═══ DATASET SECTION ═══

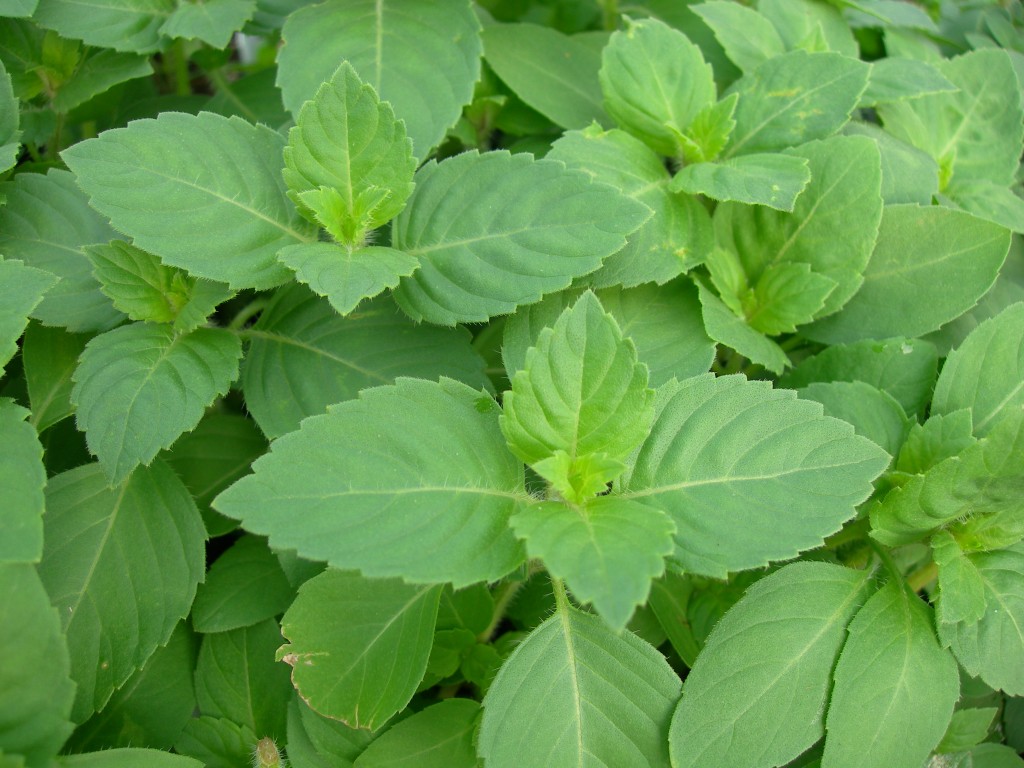 Holybasilrama tulsi1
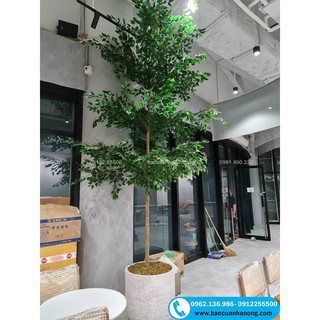 CÂY GIỐNG BÀNG ĐÀI LOAN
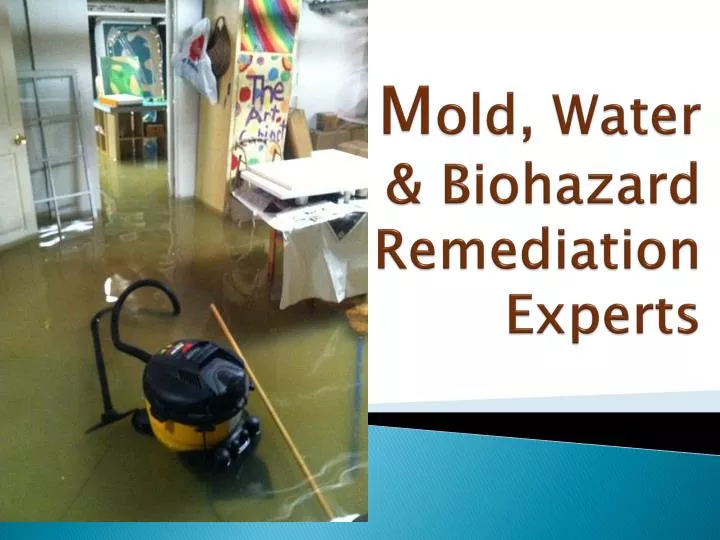 m old water biohazard remediation experts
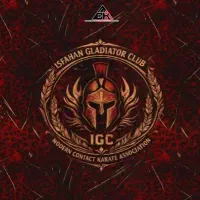 کلاس های آموزشی MMA ، دفاع شخصی و بادیگاردی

═══

» **EXERCISE**: Without the pictures, transcribe the listing exactly as it stands.

» **WRITTEN RESPONSE**:
 Holybasilrama tulsi1
 CÂY GIỐNG BÀNG ĐÀI LOAN
 m old water biohazard remediation experts
 کلاس های آموزشی MMA ، دفاع شخصی و بادیگاردی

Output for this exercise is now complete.